1650. Lowest Common Ancestor of a Binary Tree III

1650. Lowest Common Ancestor of a Binary Tree III

Description

Difficulty: Medium

Related Topics: Hash Table, Tree, Binary Tree

Given two nodes of a binary tree p and q, return their lowest common ancestor (LCA).

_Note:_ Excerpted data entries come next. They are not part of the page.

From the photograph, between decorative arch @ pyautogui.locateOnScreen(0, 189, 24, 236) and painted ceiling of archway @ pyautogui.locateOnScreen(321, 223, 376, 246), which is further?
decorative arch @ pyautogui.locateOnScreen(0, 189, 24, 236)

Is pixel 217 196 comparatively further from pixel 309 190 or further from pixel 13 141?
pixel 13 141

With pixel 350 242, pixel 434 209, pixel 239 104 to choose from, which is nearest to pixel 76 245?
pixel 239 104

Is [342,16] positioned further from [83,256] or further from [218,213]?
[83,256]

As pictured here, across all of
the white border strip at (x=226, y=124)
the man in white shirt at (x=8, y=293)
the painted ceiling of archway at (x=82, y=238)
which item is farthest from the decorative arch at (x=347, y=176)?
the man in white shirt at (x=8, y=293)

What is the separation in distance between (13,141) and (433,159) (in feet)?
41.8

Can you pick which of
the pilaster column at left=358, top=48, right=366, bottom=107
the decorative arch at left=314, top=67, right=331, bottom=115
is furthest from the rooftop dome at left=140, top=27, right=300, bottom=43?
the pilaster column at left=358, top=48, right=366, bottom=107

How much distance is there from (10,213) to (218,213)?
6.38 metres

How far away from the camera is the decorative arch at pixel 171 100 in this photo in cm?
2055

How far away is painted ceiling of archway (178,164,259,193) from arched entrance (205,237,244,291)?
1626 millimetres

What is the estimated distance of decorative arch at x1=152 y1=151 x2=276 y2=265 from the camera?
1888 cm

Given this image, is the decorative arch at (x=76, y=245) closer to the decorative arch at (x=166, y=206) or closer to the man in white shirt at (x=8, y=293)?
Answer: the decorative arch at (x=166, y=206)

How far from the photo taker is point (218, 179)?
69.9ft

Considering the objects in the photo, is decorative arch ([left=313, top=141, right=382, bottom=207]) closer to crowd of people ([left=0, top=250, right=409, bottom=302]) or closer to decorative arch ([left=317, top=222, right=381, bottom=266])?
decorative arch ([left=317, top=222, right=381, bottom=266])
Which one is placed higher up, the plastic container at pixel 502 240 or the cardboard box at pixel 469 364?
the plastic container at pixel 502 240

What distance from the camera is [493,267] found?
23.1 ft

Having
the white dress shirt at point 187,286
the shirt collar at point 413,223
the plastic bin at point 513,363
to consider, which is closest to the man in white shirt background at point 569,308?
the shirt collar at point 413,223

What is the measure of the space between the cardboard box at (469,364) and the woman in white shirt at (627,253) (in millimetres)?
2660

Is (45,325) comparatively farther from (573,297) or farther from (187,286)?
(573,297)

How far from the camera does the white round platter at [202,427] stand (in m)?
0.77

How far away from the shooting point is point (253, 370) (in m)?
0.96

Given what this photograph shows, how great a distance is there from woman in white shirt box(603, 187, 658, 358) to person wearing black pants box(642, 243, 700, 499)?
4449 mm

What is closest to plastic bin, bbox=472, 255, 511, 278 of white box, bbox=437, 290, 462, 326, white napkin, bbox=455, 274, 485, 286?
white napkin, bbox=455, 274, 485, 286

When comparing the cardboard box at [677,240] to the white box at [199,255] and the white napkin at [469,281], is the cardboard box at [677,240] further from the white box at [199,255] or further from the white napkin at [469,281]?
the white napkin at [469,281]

Each node will have a reference to its parent node. The definition for Node is below:

class Node {
    public int val;
    public Node left;
    public Node right;
    public Node parent;
}

According to the definition of LCA on Wikipedia: “The lowest common ancestor of two nodes p and q in a tree T is the lowest node that has both p and q as descendants (where we allow a node to be a descendant of itself).”

Example 1:

Input: root = [3,5,1,6,2,0,8,null,null,7,4], p = 5, q = 1
Output: 3
Explanation: The LCA of nodes 5 and 1 is 3.

Example 2:

Input: root = [3,5,1,6,2,0,8,null,null,7,4], p = 5, q = 4
Output: 5
Explanation: The LCA of nodes 5 and 4 is 5 since a node can be a descendant of itself according to the LCA definition.

Example 3:

Input: root = [1,2], p = 1, q = 2
Output: 1

Constraints:

• The number of nodes in the tree is in the range [2, 10⁵].
• -10⁹ <= Node.val <= 10⁹
• All Node.val are unique.
• p != q
• p and q exist in the tree.

Hints/Notes

• 2023/08/30
• It’s actually find the intersection of 2 lists
• No solution from leetcode

Solution

Language: C++

/*
// Definition for a Node.
class Node {
public:
    int val;
    Node* left;
    Node* right;
    Node* parent;
};
*/

class Solution {
public:
    Node* lowestCommonAncestor(Node* p, Node * q) {
        Node *h1 = p, *h2 = q;
        while (h1 != h2) {
            if (h1 == nullptr) {
                h1 = q;
            } else {
                h1 = h1->parent;
            }
            if (h2 == nullptr) {
                h2 = p;
            } else {
                h2 = h2->parent;
            }
        }
        return h1;
    }
};